As providências que eles dizem determinar - já o verificou quem teve a oportunidade de estudar os acordos com o Fundo Monetário Internacional em várias nações - fazem parte da mesma cantilena enfadonha: remoção dos obstáculos para consolidar um desenvolvimento capitalista contínuo e sem sustos; uma acumulação leve e flexível, sem grande mobilização do capital em plantas rígidas. Para isso, é fundamental o fim do intervencionismo estatal.

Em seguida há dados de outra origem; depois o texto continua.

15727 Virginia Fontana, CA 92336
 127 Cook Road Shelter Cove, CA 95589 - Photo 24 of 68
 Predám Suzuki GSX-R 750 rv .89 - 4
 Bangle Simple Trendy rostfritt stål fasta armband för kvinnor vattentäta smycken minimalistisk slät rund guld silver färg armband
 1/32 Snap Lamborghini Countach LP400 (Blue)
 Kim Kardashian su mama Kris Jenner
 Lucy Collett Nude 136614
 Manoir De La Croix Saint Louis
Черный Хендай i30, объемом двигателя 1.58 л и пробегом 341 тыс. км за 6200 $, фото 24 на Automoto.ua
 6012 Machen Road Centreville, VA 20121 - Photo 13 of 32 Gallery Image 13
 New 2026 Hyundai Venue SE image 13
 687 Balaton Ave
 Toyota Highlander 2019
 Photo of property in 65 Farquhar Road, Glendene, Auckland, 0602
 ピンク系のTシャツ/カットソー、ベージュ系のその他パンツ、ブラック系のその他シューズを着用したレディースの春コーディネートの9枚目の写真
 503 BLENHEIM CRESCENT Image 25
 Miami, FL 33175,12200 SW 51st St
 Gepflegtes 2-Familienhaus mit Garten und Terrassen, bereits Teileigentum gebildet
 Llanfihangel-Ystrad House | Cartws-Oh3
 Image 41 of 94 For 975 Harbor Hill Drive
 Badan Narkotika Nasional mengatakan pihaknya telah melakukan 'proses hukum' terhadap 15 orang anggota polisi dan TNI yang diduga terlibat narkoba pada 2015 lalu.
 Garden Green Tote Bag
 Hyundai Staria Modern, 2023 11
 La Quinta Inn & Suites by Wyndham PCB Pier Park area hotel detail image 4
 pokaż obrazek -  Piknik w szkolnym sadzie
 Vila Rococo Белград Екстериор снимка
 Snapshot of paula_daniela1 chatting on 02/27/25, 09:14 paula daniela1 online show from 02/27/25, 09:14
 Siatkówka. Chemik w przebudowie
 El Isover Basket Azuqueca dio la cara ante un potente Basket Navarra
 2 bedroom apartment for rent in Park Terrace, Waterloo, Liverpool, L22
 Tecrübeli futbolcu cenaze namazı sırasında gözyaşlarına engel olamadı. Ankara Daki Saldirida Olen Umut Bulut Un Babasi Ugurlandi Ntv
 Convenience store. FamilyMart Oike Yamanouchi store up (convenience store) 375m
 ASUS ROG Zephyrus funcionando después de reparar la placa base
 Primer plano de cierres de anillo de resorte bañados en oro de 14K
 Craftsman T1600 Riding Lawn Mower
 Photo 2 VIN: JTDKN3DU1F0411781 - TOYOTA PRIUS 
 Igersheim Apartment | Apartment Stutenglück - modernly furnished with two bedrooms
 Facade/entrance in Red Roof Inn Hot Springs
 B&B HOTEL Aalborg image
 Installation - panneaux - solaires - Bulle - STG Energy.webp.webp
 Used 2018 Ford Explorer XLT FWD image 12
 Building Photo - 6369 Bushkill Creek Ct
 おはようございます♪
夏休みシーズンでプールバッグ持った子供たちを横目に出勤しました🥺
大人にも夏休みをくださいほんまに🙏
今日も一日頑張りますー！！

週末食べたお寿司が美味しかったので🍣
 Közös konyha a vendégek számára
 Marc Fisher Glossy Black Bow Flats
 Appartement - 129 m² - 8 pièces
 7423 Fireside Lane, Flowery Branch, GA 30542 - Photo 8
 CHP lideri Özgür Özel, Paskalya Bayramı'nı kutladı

No Brasil, houve as privatizações, inclusive eivadas de crimes contra a Administração Pública. O Código Penal diz que se trata de crimes contra a Administração Pública: intermediação de interesse privado, exploração de prestígio e tráfico de influência - tudo o que foi denunciado como parte do processo de privatização.

Quanto à flexibilização da legislação trabalhista e previdenciária, todos já sabemos o significado. Liberdade refere-se à livre mobilidade de capitais e mercadorias. Eles não têm ousadia de falar sobre força de trabalho. Quem teve oportunidade de condenar o Muro de Berlim, espero que esteja condenando igualmente, com mais vigor ainda, o muro gigantesco de concreto invadindo o oceano na travessia México-Estados Unidos, que trata a força de trabalho da América Latina que tenta entrar na terra da liberdade com choque elétrico, com fuzil e com metralhadora. Basta ver o número de mortes de sul-americanos que tentaram, em nome da livre mobilidade da força de trabalho, entrar na terra da liberdade. A livre mobilidade de mercadorias é um assunto já bastante conhecido. Transações comerciais livres, investimentos de multinacionais, liberdade alfandegária, abolição de tarifas, evidentemente, tudo isso é dever de casa para nós, porque sabemos o que efetivamente foi feito para preservar os interesses comerciais das grandes nações: gigantescas barreiras protecionistas para proteger os seus parques produtivos e seus postos de trabalho.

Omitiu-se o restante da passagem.